Comment

A dispiriting row at a dangerous moment

The public are more interested in tackling radical extremism than the internal decision-making process by which this is achieved

Suella Braverman

A great many people will agree with Suella Braverman, the Home Secretary. There is indeed a widespread perception that the police treat protests by particular groups differently to others. It is true that the scenes witnessed at the pro-Palestinian marches in recent weeks have been disgraceful. 

As Mrs Braverman wrote in the newspaper article that has proven so controversial, at these demonstrations “terrorists have been valorised, Israel has been demonised as Nazis and Jews have been threatened with further massacres”. Is the Home Secretary so wrong to say that these constitute “hate marches”? 

But Mrs Braverman holds one of the great offices of state and occupies a complex position in the constitutional settlement. Hers is obviously a political role, given that she is an MP and a member of the Cabinet, but it includes certain statutory responsibilities and functions. 

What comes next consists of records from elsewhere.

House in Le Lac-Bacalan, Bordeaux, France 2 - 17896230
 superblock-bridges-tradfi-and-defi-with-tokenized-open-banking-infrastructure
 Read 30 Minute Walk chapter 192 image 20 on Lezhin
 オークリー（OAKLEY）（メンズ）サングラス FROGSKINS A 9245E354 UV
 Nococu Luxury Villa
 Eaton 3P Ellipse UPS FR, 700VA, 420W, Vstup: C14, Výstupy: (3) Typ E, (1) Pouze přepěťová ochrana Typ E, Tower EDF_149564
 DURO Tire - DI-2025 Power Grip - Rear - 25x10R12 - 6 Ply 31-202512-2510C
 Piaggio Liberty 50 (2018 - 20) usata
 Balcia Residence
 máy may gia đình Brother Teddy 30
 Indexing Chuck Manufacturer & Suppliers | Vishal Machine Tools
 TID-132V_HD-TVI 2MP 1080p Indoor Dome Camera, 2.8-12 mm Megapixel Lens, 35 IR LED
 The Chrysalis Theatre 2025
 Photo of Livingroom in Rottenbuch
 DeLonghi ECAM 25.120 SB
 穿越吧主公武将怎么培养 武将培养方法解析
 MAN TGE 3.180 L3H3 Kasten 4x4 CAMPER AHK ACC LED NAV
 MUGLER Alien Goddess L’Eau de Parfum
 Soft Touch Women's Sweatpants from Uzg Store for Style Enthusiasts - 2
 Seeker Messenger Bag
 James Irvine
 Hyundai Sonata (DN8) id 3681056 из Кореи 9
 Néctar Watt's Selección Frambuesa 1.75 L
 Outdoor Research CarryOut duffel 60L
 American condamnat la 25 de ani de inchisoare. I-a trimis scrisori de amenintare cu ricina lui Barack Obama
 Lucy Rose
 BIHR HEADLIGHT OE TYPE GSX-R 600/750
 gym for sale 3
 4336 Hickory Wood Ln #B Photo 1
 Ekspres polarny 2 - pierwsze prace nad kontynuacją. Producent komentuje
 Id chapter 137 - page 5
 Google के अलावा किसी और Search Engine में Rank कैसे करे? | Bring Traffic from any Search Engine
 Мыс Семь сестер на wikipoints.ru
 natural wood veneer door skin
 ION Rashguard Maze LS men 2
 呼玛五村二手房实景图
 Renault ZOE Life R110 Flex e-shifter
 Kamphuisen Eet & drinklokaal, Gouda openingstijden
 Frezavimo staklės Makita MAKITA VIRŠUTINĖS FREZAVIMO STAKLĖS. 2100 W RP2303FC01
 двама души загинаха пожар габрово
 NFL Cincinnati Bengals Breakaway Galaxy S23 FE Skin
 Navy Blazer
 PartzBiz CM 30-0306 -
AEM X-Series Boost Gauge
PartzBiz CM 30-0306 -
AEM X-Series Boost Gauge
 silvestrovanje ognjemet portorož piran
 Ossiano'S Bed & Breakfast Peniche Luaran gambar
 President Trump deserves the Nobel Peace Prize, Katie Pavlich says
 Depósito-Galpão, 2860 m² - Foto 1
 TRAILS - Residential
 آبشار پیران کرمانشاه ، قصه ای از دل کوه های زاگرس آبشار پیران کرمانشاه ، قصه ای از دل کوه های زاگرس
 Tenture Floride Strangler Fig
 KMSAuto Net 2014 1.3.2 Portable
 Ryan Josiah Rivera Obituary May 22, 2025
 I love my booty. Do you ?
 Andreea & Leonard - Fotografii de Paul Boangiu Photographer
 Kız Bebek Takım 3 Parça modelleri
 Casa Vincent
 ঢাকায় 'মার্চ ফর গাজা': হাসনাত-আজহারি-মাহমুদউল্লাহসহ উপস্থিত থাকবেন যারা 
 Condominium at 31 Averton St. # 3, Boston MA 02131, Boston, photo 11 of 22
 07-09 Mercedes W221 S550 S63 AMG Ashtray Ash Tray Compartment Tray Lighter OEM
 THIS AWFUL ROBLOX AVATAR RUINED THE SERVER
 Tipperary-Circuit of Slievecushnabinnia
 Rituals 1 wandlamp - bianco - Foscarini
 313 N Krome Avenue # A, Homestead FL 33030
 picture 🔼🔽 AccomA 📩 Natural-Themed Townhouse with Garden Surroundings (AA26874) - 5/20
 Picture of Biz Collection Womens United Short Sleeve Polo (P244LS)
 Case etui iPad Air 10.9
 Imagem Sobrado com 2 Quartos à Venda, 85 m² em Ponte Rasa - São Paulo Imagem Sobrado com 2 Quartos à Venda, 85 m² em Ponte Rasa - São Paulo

Her newspaper article effectively criticising Sir Mark Rowley, the Metropolitan Police Commissioner, for not requesting a ban on Saturday’s pro-Palestine march, cut across operational decisions which have always been off-limits to politicians for good reason. 

We do not want to live in a country in which ministers can direct officers to arrest particular individuals, or involve themselves directly in police decisions. If Mrs Braverman had wanted Saturday’s march proscribed, she could have brought forward an emergency Bill to do so.

She did not, and now the Armistice Day protest is going ahead. The country has been told by Sir Mark that there needed to be a realistic “threat of serious disorder” in order for the police to apply for a banning order, and intelligence on the demonstration does not currently meet the threshold. That may be a hopeful assessment. 

Sir Mark must urgently set out what he is planning to do to ensure that the threat of violence is minimised, that Armistice Day commemorations are not disrupted, and that anti-Semitism is dealt with harshly.

Indeed, one of the dispiriting aspects of this whole row is that it has taken attention away from a concern surely more pressing to the public. What is going to be done about the hateful extremism and anti-Jewish racism that has been on full display on the streets of major cities in recent weeks? The country wants politicians to do more than complain from the sidelines.